Collected data
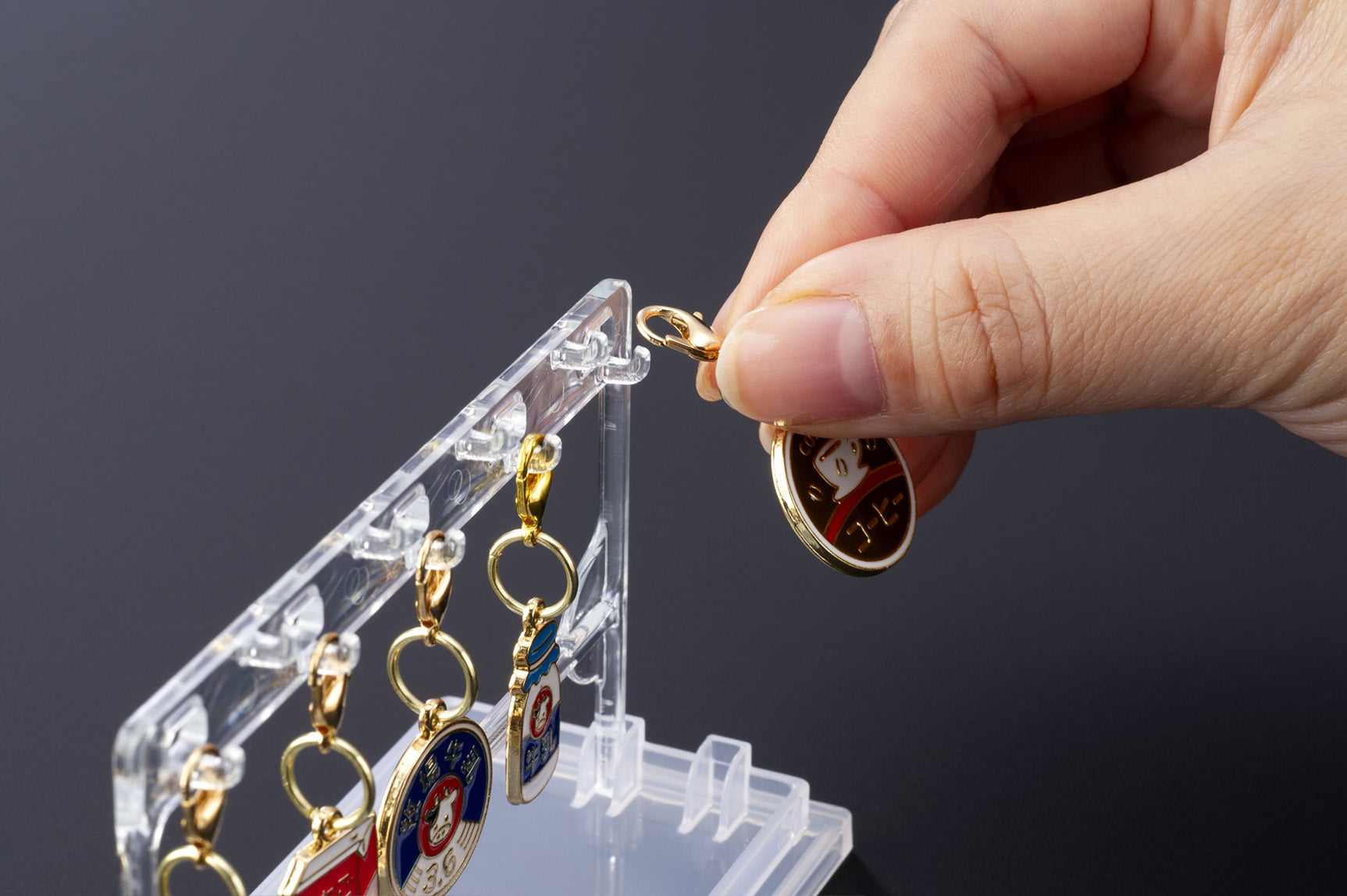 Inomata Gacha Capsule Toy Mini Charm Display Case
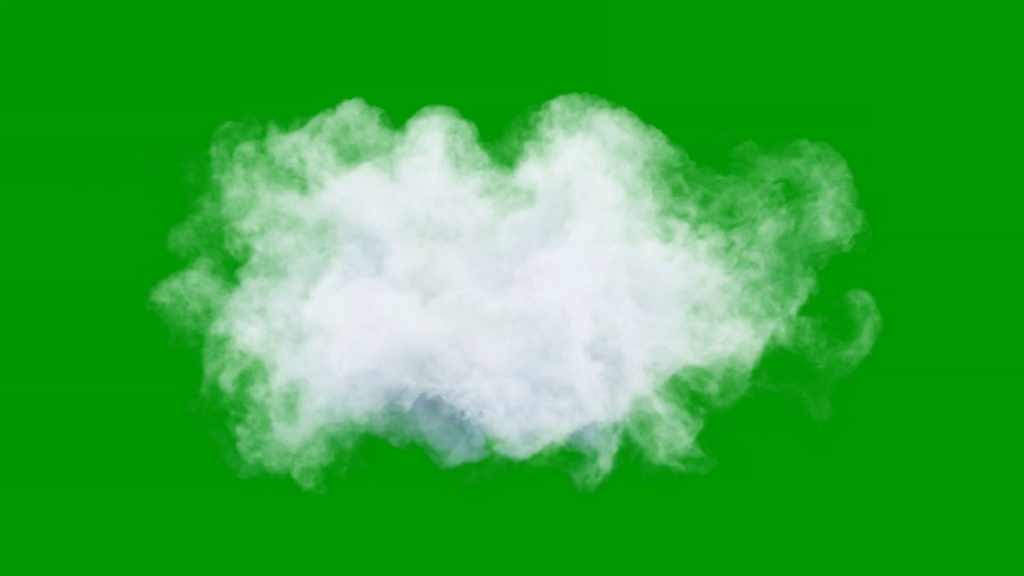 Cloud Rotation 360 Green Screen 6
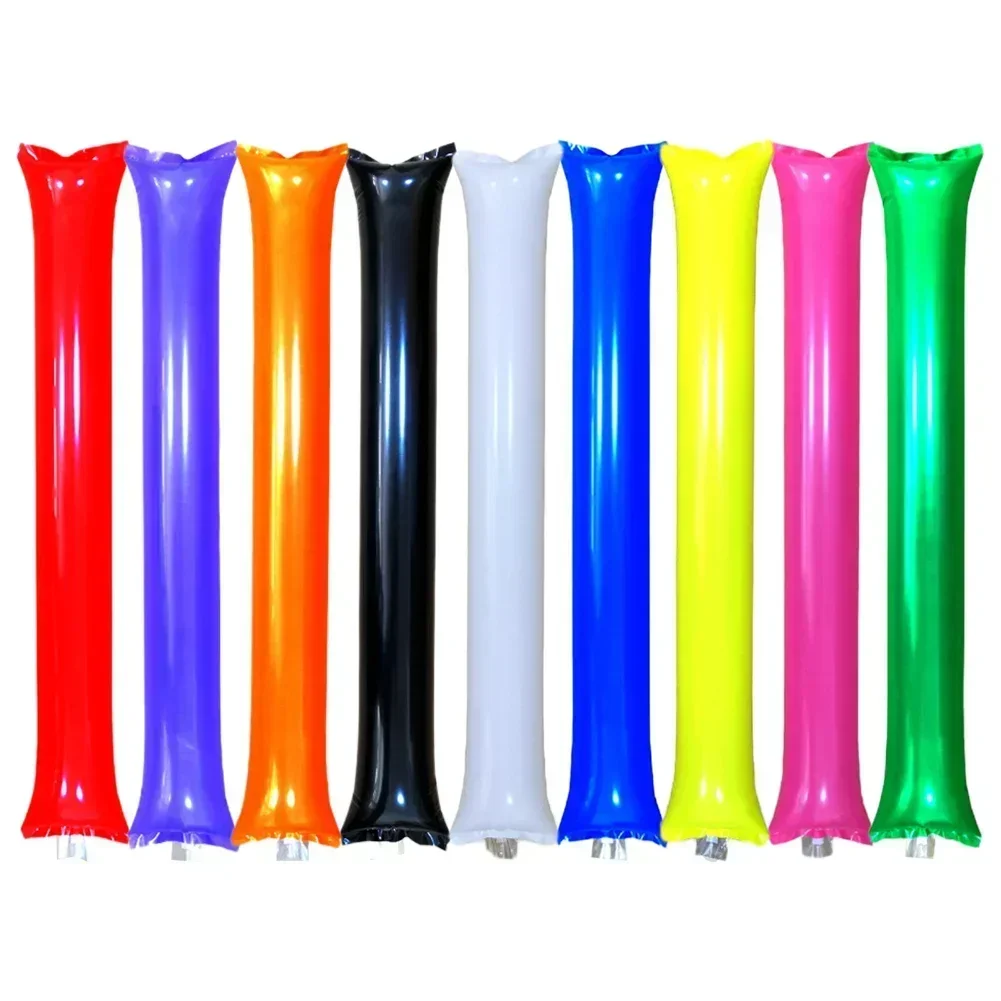 10pc Cheering Sticks Inflatable Wand Game Cheering Props Lively Atmosphere 60x10cm PE Plastic For Sports Match/festivals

Prompt
Your task is to repeat, word for word and with no picture, every line from the one that contains "Cloud Rotation 360 Green Screen 6" through the last line of the data.

Exercise solution
 Cloud Rotation 360 Green Screen 6
 10pc Cheering Sticks Inflatable Wand Game Cheering Props Lively Atmosphere 60x10cm PE Plastic For Sports Match/festivals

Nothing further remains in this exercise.